Even though xEuro operates under European financial regulations, US laws are taken into account as well. Since there is no expectation of profit with a stablecoin, xEuro is not considered a security, thus it can be used legally by US citizens.
To summarize, xEuro is a EU-based solution to the risks that we have outlined with Tether/USDT. xEuro’s solution to Tether’s troubles is full regulatory compliance, strict user verification and full banking transparency.
EURS is another new euro-pegged stablecoin that offers full transparency. Its reserve account balances are audited by a trusted Maltese accounting firm BDO Malta and according to their reports, around 32M EURS are in circulation, backed by cash reserves.
Stasis approaches the compliance issues in a somewhat different manner to xEuro. Where xEuro can be sold to any digitally verified person who can transfer EUR to their bank account, Stasis is designed to interact with exchanges and payment systems.

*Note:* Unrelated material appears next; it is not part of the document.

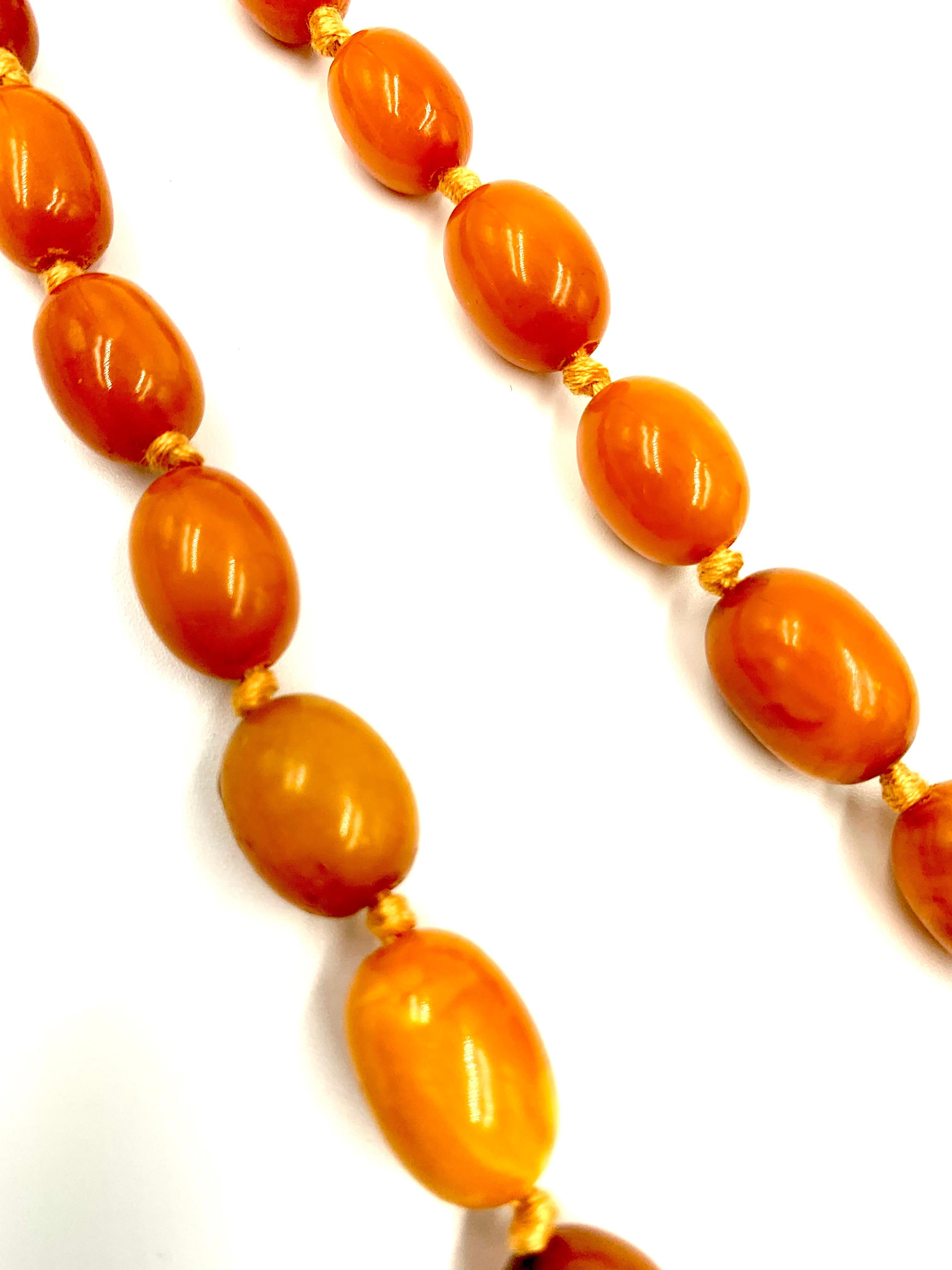 vintage amber necklaces for sale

xEuro and Stasis are good examples for a new generation of Stablecoins, who unlike their predecessors (looking at you, Tether) are happy to provide full transparency into their bank accounts and operate strictly within the bounds of the law. Unlike the US-based stablecoins like USDC, xEuro is neither required to nor is capable of censoring transactions.

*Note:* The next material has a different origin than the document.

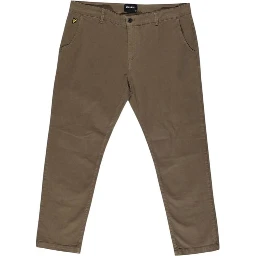Beige Cotton Casual Pants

There is another popular angle for innovation in the stablecoin sector, and it is crypto-collateralized stablecoins.
While stablecoins like USDT and xEuro are backed by cash in the bank, the crypto-collateralized stablecoins are backed by cryptocurrencies. This is incredible, because it takes the traditional financial system completely out of the equation.
For example, with the most popular of these systems, MakerDAO, you simply lock your ETH in a smart contract (technically called a CDP — a “collateralized debt position”) and receive the DAI stable coin. When you deposit your DAI, you get your ETH back.

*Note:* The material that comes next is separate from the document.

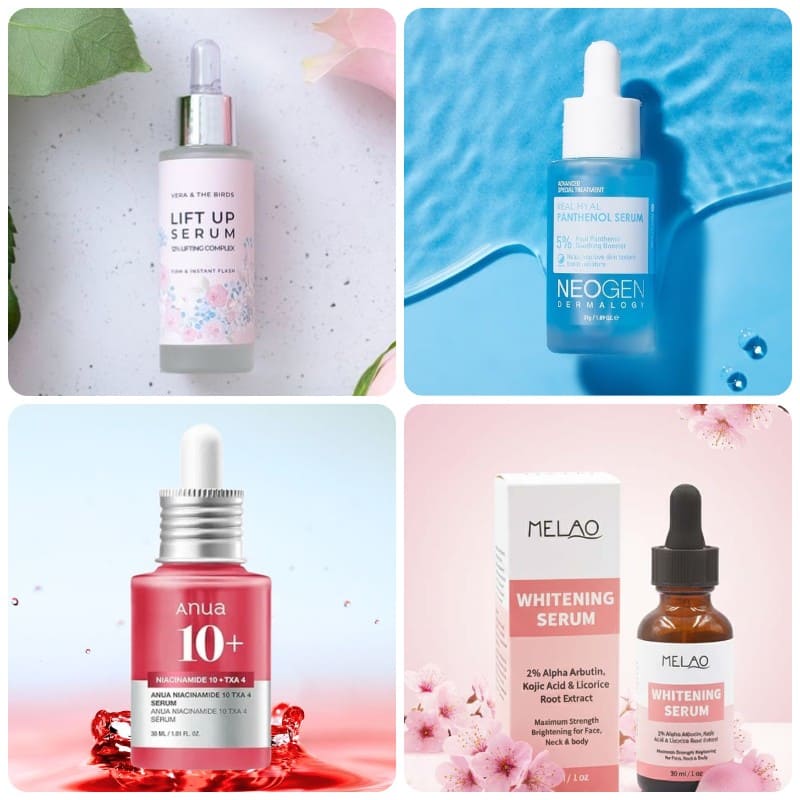 gia công serum tinh chất hoa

This has both significant upsides and downsides compared to the fiat-backed stable coins.
The advantage is that, as mentioned, the banking system is not part of the process. The system is 100% transparent and decentralized and the collateral cannot get seized by the government, as it is locked in blockchain smart contracts.
The downside is paradoxically the same as the upside: the banking system is not part of the process, so there is no way to exchange the stablecoin for fiat money. In this system we are limited to transacting in cryptocurrency only.
This means that crypto-collateralized Stablecoins like MakerDAO’s DAI can be used for commerce and for trading, but not for FIAT on-ramp, i.e. not for moving funds from fiat into cryptocurrency and back.
There is another significant downside with a system like MakerDAO. When you lock in your cryptocurrency and receive a loan in Stablecoins, you pay an interest rate. Lately, this interest rate has been frequently raised by the MakerDAO foundation. A user might have taken out a loan in DAI stablecoin with a 2% annual interest rate (called “stability fee” in MakerDAO) and a few months later they have to pay 19.5% annual interest rate.
With Tether and xEuro the transaction commissions are fixed and fairly small, yet with the crypto-collateralized there is an addition volatility with interest fees — they are subject to change at any moment (or at least when the voting token holders support such a change).
Stablecoins are incredibly important for the cryptocurrency industry as a whole, both as a means to reduce volatility for crypto commerce and to provide a gateway between the traditional finance (fiat money) and cryptocurrency.
At the moment, popular Stablecoins like Tether suffer from transparency and regulation issues and a new generation of stablecoins attempts to solve this via different routes, like full regulatory compliance in the case of xEuro, or fully migrating to the blockchain world, like MakerDAO.
These developments in the stablecoin industry will drive more adoption for cryptocurrencies and reduce risks and frictions associated with government regulations.